The original problem is as follows:

Alice and Bob play a game. The game terminates when Alice reaches $a$ points and Bob reaches $1$ point. Alice wins if she ever reaches $a$ points ($a$ is a parameter of the game, and therefore fixed throughout the game). In each round of the game, Alice picks a real number $x$. Then a coin is flipped, Alice is awarded $x$ points if the coin comes up heads, and Bob is awarded $x$ points if the coin comes up tails. Your task is to find the probability that Alice wins for each $a$ given she is using the best strategy.

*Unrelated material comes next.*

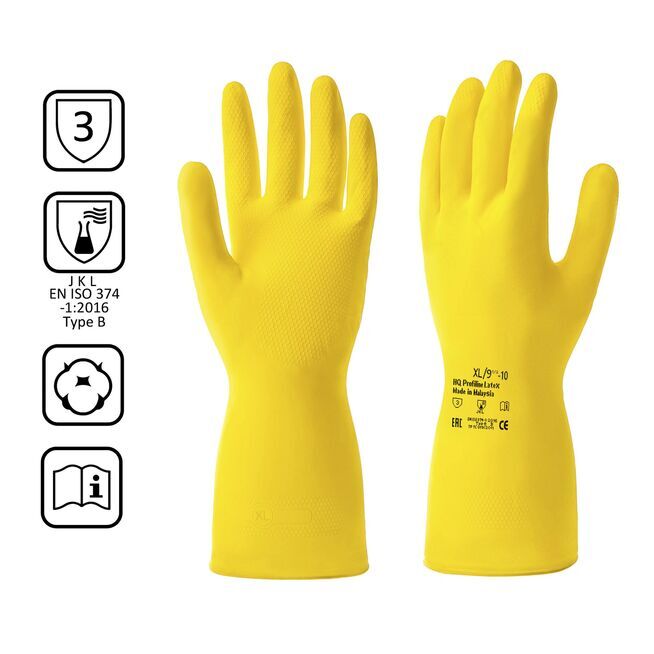 Перчатки латексные многоразовые желтые, р-р XL HQ Profiline /50/1
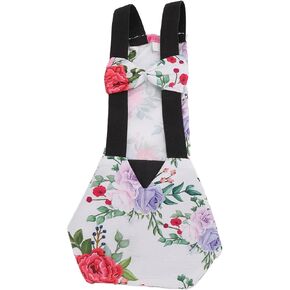 Chicken Shit Pocket Diapers, Waterproof Cloth Fabric Duck Diapers Unique Bowknot Elegant Goose for Pet(L)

The formalization of the problem is not quite trivial, so I will offer the following to ensure that there are no ambiguities. First, note that at the beginning of any round, we can normalize the game so that Bob needs exactly $1$ more point. We will define a strategy $s:\mathbb{R^+}\to\mathbb{R^+}$ as a function that takes as an input the number of points Alice needs, and outputs her choice $x$. Define $p_s(a)$ to be the probability that Alice wins the game needing $a$ points and playing strategy $s$. Let $S$ be the set of all strategies. Find $$p, p(a)=\sup_{s \in S}p_s(a).$$


The following is an exhaustive list of the progress on this question that I am aware of:

$$\begin{align} p(a) &\leq \frac 12 + 2^{-a} \tag{1} \\ p(a) &\leq \frac 12 + \frac 1{2a} \tag{2} \\ p(a) &= 1, a \leq 1 \tag{3} \\ \end{align}$$

Furthermore, $(1)$ is tight over the naturals, and $(2)$ is tight over $a=\frac{1}{1-2^{-n}}$. Proofs and the strategies that give the tight bounds can all be found in the linked MSE question.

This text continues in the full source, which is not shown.